If you cross a bridge do you have the same kind of trust in its stability if it's constructed and inspected by engineers with a college degree or some guys who played bridge builder?
But (at least in the US) you go to your smart friend who taught himself through the Internet unless you're lucky enough to have actual doctor friend before you step foot in a doctor's office for anything weird because otherwise it's a waste of a copay. If I go to the doctor who went to doctor school and say I have this and that, they're gonna run some random tests and then you have to go back in a second time to run more tests. If you go into the office advocating for specific tests you want run, with scientific papers as reasons for wanting them run, then you'll get the tests you need the first time around, with informative results (positive or negative or wherever you are on the scale) in fewer visits than if you didn't ask your smart friend. If you go into a specialist doctor's office without having a list of questions to ask, for your problem, you're not getting good value for your time/money. Covid exposed a number of shortcomings in the system, and if your malidy is at all weird, you're screwed.

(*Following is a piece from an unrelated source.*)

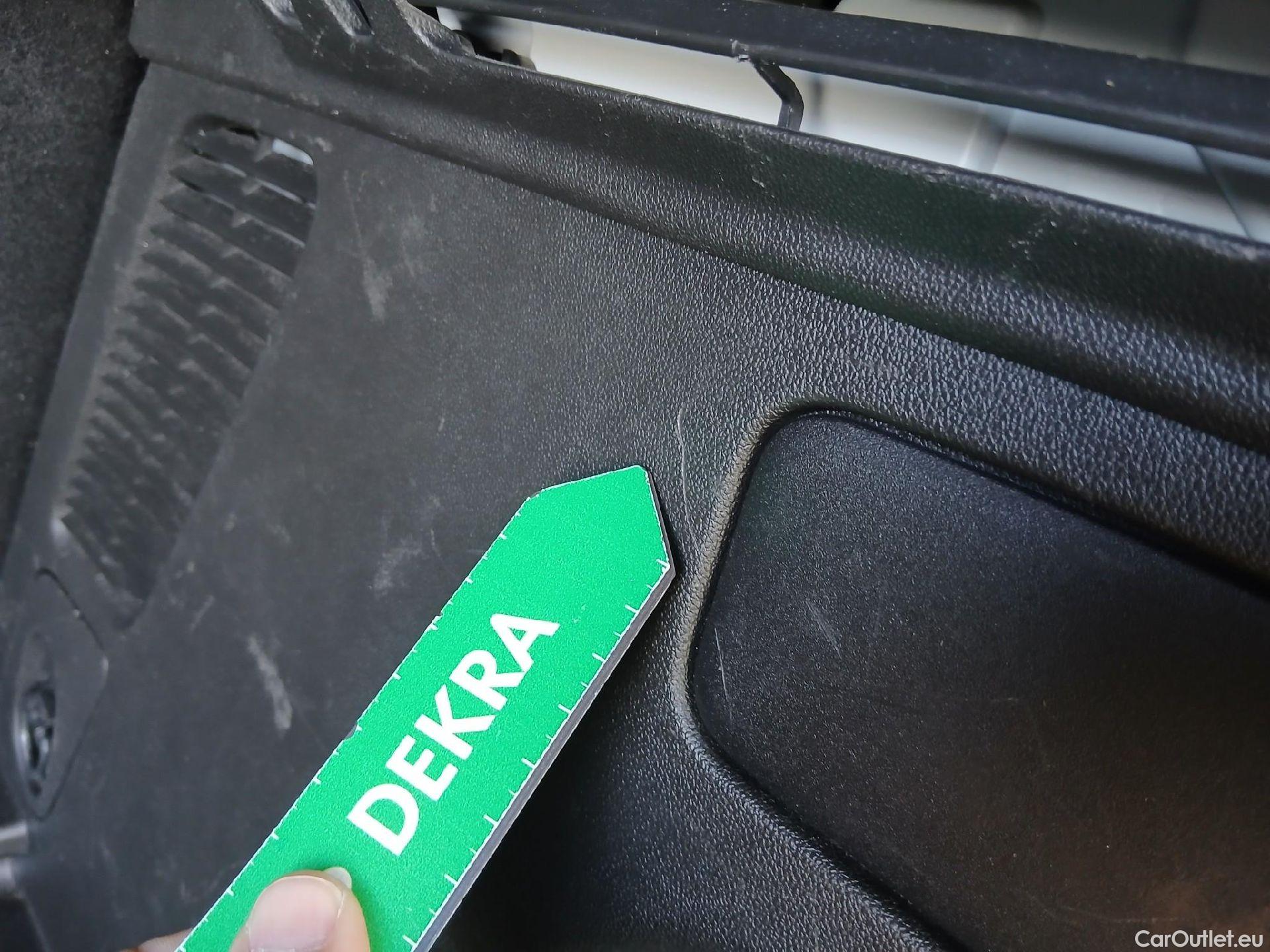  Opel   Grandland X OPEL Grandland / 2021 / 5P / todoterreno 1.5 CDTi Business Edition Auto #25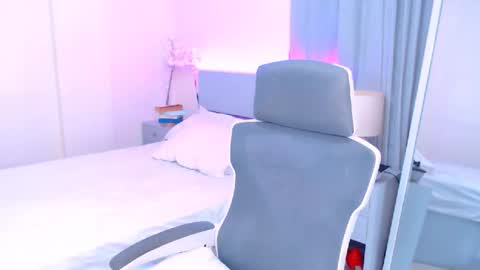 Snapshot of tasteofinnocence chatting on 03/23/26, 06:28 Miss Tati online show from 03/23/26, 06:28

This is by definition pennywise pound foolish, and this is a very specific example, so I think it's something you do.
I'm going to assume you are a decently paid white collar worker (earning $70k+ a year) and tell you that you should not think this way.
I'm not denying that you can't self learn, but most people don't have the discipline and drive needed to reach that place. Nor will the self learner pass the hiring bar for a junior role in 2024 anymore.
Non-traditional college education (eg. low cost online education, expanded community college access, asynchronous learning, etc) is a happy medium and was in fact the norm for college education in the US throughout much of the 20th century (the normalization of the residential dorm model is a newish innovation - most students were historically commuter students from the early 20th century with CUNY all the way to the CSUs and UC extensions of the late 20th century).
Programs like ASU or OSU's online BSCS are a better middle ground.